- Born: Clifford Blandford Townshend 28 January 1916
- Died: 29 June 1986 (aged 70)
- Genres: Jazz
- Occupation: Musician
- Instruments: Saxophone; clarinet;
- Years active: 1932–1965

= Cliff Townshend =

English jazz musician (1916–1986)

Clifford Blandford Townshend (28 January 1916 – 29 June 1986) was an English jazz musician who played saxophone in the Royal Air Force Dance Orchestra, popularly known as The Squadronaires. He also played clarinet in the band. His eldest son, Pete, gained renown as guitarist and principal composer for the band The Who.

== Biography ==

Cliff Townshend was born to Dorothy and Horace Townshend on 28 January 1916. The couple married in 1910 in Brentford and were both musicians who played in Concert Party shows for the troops during World War I.
Townshend showed an early interest in music and was in a band by 1932 while attending Latymer Upper School in Hammersmith, London.
He was expelled from school for playing in his teens at "Bottle Parties", adult parties that involved smoking and drinking as well as innovative popular music. He played at such venues as the Stork Club and with the Billy Wiltshire Band. He made some of his first recordings with the band of drummer Joe Daniels at Abbey Road.

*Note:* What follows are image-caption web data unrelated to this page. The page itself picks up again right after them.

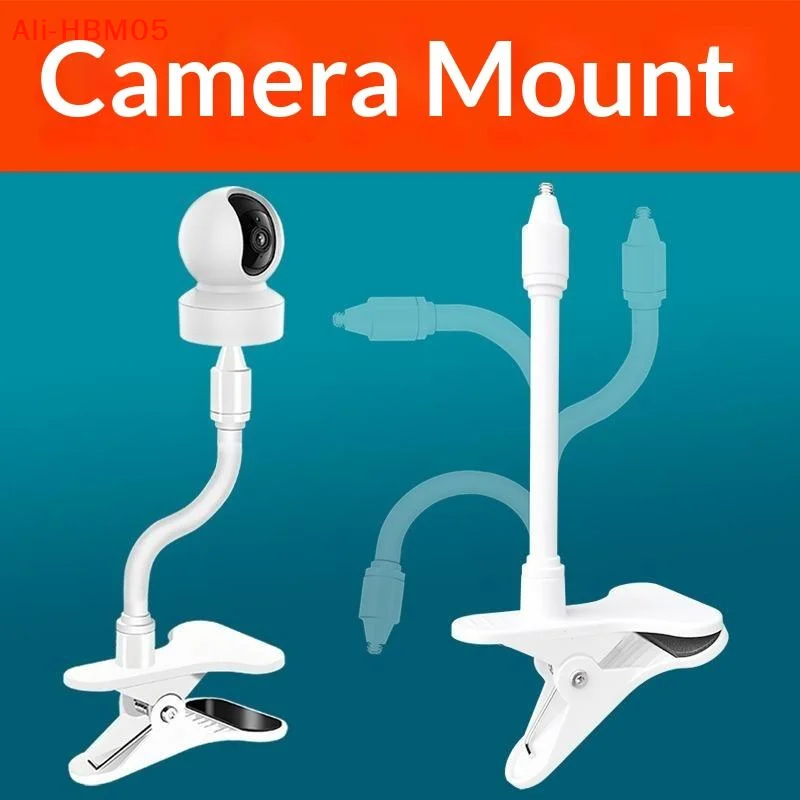 (HB05)Flexible Camera Clamp Mount Baby Monitor Camera Holder Stand Webcam Monitor Punch-free Bendable Bracket Base With Clip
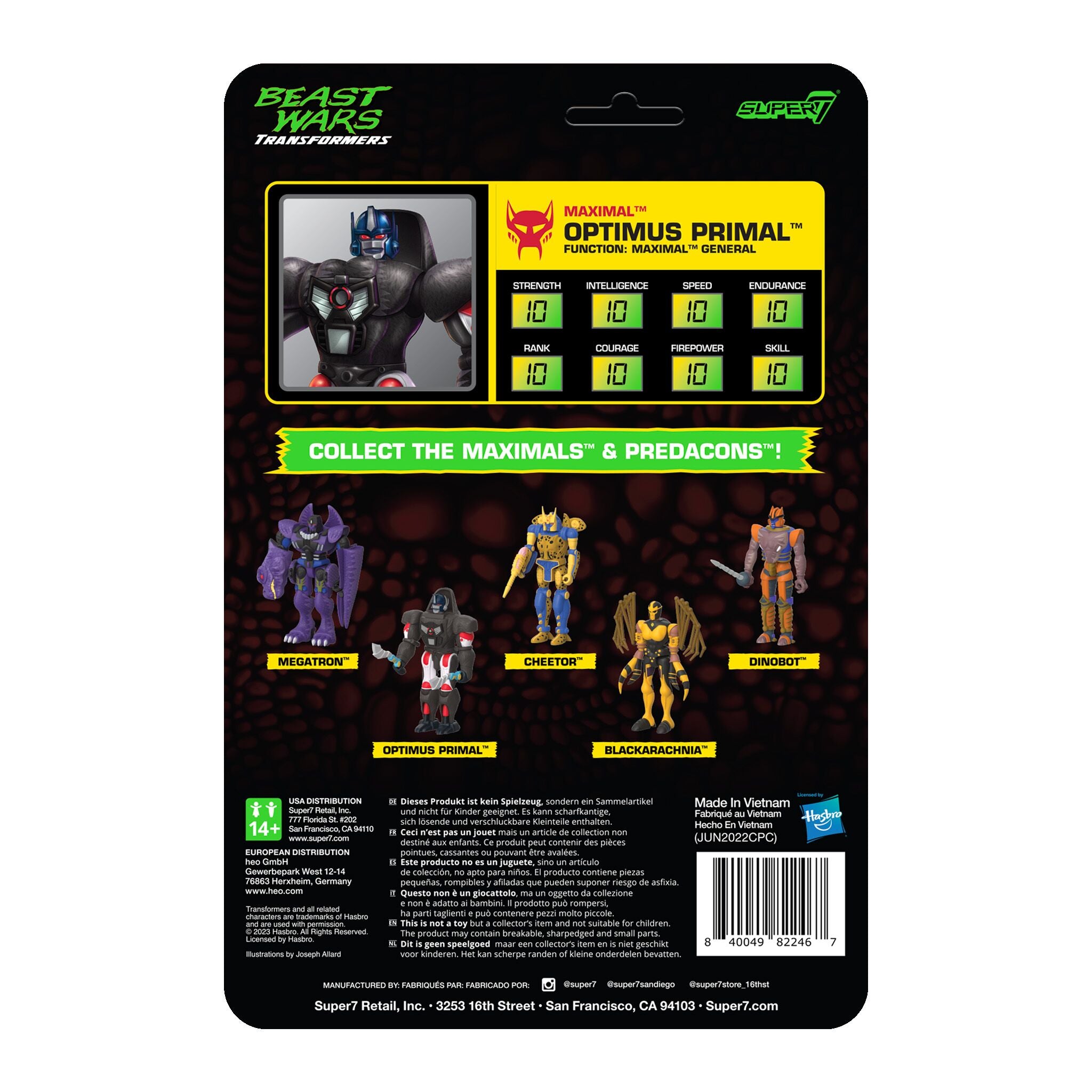 Super7 ReAction Optimus Primal figurina Metallic 10,8 cm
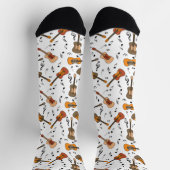Gitarre Musiknoten Muster Socken (Oben)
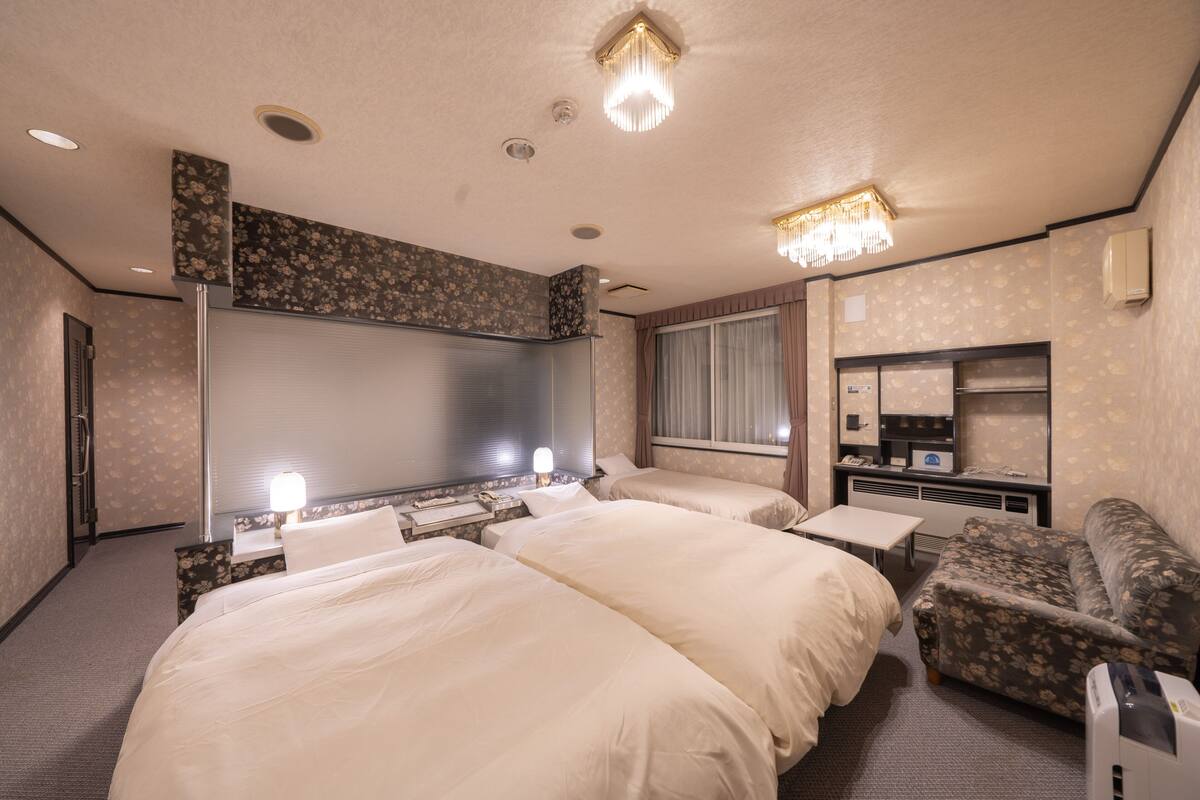 Ein Hotelzimmer mit zwei Betten, einem Schlafsofa, einem Fernseher, einem Schreibtisch und einem Spiegel.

In the 1930s, Townshend became a Blackshirt in Oswald Mosley's British Union of Fascists. In 1940, Townshend enlisted in the Royal Air Force. Before ending up with The Squadronaires, he played in a number of small bands as part of his duties, as the RAF high command recognized the morale value of popular music. During the early days of the war, he met Betty Dennis, who enlisted in 1941 when she was sixteen. She drove a truck and sang with RAF bands. They married 16 April 1944 in Pontypool, South Wales, where they were stationed. By this time, Townshend had achieved the rank of Lance Corporal.

Their first son, Peter, was born 19 May 1945 (the same month Germany surrendered) in West London in Nazareth House, an annex of Middlesex Hospital. The family moved into a war-damaged house in Acton, and Betty Townshend ended her singing career but continued to assist with office work and management for The Squadronaires. The enforced separation caused by the band's continued tours caused stresses in the marriage; however, the couple sometimes took their son and went together on the band's tours. In 1952, the Squadronaires began a regular summer engagement at the Palace Ballroom in Douglas, Isle of Man, which continued for about ten years.

In 1956, Cliff Townshend released a solo recording of "Unchained Melody" which made him something of a pop star, and royalties from the record were welcome. Cliff and Betty Townshend's second son, Paul Townshend, was born in 1957, and the family moved to a larger flat in Ealing Common. In the same year, Townshend took his son Pete to see the film Rock Around the Clock (1956) with Bill Haley, and then to a live Bill Haley concert at the Regal Cinema at Marble Arch. Townshend thought the music "had some swing". The couple's third son, Simon Townshend, was born on 10 October 1960. Pete Townshend dedicated his 1987 album Another Scoop to the memory of his father.